That was especially true for 8-year-old Aidan Elliott of Lakewood, Colorado. This youngster got so out of line during class that police had to be called in to settle him down. After he broke off a piece of wood trim and attempted to stab the officers with it, they pepper sprayed those violent thoughts right out of his head.
During an interview a few days later on the Today show, little Aidan conceded that he “kind of deserved it.” We concur, young man. We concur.
An Entire School District
An 8-year-old student getting the spicy face spray treatment might seem insane, but in Birmingham, Alabama, it’s just standard operating procedure. A lawsuit was filed in December, 2010 by the Southern Poverty Law Center to end the practice of police and school officials pepper spraying Birmingham students for little more than talking back to teachers.
In one instance, a student accused of mumbling a profanity at a teacher was pinned to a locker and pepper sprayed by the assistant principal.
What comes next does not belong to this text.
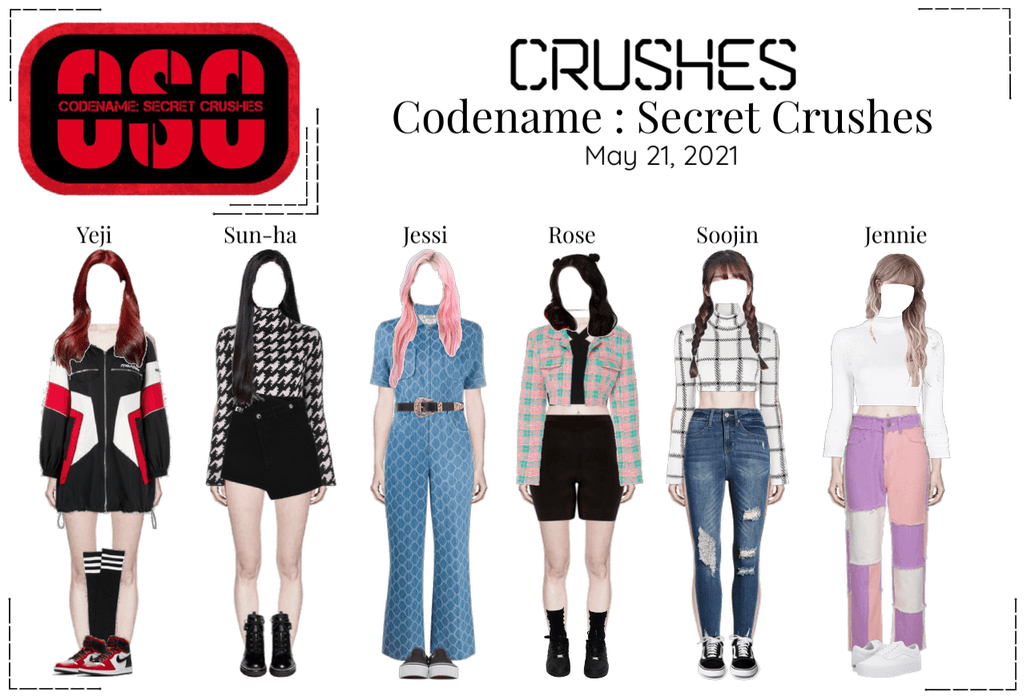 Crushes (호감) [Codename : Secret Crushes Ep. 02]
In another case, a young girl was held on the ground by five men and pepper sprayed for having the gall to smoke on school grounds. That’s especially harsh, unless of course the student was hit with taunts of “Yeah, what’s burning now?!?!” immediately after being pepper sprayed, in which case it’s especially harsh but also kind of comical in a way you’ll never get us to admit to in a court of law.
A Baby Squirrel
Hey man, it’s one thing to traumatize school kids by spraying them with pepper spray, but when you traumatize them by spraying an adorable baby squirrel, well, that’s just crossing the line.
That’s exactly what happened in Mesquite, Texas though. The officer in question feared that the cuddly little animal was actually a rabies infested killing machine with student blood on its mind. In an epic display of bravery, he got between the squirrel and the students who would undoubtedly soon be its prey and attempted to scare it off. When that didn’t work, he just straight pepper sprayed the poor thing. Sad.
Even sadder — the animal wasn’t rabid at all. Workers at a local animal shelter nursed it back to health and released it back into the wild after the incident. When the inevitable animal uprising finally happens, expect this guy to be the first to fall.